**Directions**
Set down a word-for-word copy of the data below, limited to the lines from the first through the line with "big dirt graphic".

*** Block opens ***

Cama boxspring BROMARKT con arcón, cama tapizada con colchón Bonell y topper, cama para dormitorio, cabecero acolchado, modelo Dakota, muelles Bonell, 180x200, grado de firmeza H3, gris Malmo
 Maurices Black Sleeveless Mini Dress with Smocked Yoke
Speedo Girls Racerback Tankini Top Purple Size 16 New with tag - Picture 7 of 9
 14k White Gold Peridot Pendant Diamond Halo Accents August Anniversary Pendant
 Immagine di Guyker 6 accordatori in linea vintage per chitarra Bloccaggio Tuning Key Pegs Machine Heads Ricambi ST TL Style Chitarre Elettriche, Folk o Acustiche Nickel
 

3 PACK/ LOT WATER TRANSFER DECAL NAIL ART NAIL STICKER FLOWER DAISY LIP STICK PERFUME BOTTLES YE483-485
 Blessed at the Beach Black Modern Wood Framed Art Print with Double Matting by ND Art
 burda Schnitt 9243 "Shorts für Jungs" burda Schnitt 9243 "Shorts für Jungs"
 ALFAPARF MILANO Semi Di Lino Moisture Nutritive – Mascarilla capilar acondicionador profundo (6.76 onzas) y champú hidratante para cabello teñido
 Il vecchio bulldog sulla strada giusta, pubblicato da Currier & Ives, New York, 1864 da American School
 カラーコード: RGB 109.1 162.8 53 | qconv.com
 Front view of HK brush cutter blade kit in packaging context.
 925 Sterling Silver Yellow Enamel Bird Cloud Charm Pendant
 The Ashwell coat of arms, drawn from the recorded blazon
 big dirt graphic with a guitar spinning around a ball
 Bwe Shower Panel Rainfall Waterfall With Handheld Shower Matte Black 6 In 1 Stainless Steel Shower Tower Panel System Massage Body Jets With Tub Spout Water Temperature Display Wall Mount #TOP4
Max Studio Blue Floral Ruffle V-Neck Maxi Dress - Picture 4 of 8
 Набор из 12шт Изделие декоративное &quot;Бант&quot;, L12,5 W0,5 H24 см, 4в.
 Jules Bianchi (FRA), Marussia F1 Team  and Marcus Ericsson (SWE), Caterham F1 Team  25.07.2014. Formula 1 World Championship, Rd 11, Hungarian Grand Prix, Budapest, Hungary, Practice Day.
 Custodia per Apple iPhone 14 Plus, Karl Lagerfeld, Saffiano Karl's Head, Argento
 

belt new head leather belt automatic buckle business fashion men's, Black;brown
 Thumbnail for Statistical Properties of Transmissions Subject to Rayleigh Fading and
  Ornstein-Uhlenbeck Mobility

*** Block closes ***

**Output**
Cama boxspring BROMARKT con arcón, cama tapizada con colchón Bonell y topper, cama para dormitorio, cabecero acolchado, modelo Dakota, muelles Bonell, 180x200, grado de firmeza H3, gris Malmo
 Maurices Black Sleeveless Mini Dress with Smocked Yoke
Speedo Girls Racerback Tankini Top Purple Size 16 New with tag - Picture 7 of 9
 14k White Gold Peridot Pendant Diamond Halo Accents August Anniversary Pendant
 Immagine di Guyker 6 accordatori in linea vintage per chitarra Bloccaggio Tuning Key Pegs Machine Heads Ricambi ST TL Style Chitarre Elettriche, Folk o Acustiche Nickel
 

3 PACK/ LOT WATER TRANSFER DECAL NAIL ART NAIL STICKER FLOWER DAISY LIP STICK PERFUME BOTTLES YE483-485
 Blessed at the Beach Black Modern Wood Framed Art Print with Double Matting by ND Art
 burda Schnitt 9243 "Shorts für Jungs" burda Schnitt 9243 "Shorts für Jungs"
 ALFAPARF MILANO Semi Di Lino Moisture Nutritive – Mascarilla capilar acondicionador profundo (6.76 onzas) y champú hidratante para cabello teñido
 Il vecchio bulldog sulla strada giusta, pubblicato da Currier & Ives, New York, 1864 da American School
 カラーコード: RGB 109.1 162.8 53 | qconv.com
 Front view of HK brush cutter blade kit in packaging context.
 925 Sterling Silver Yellow Enamel Bird Cloud Charm Pendant
 The Ashwell coat of arms, drawn from the recorded blazon
 big dirt graphic with a guitar spinning around a ball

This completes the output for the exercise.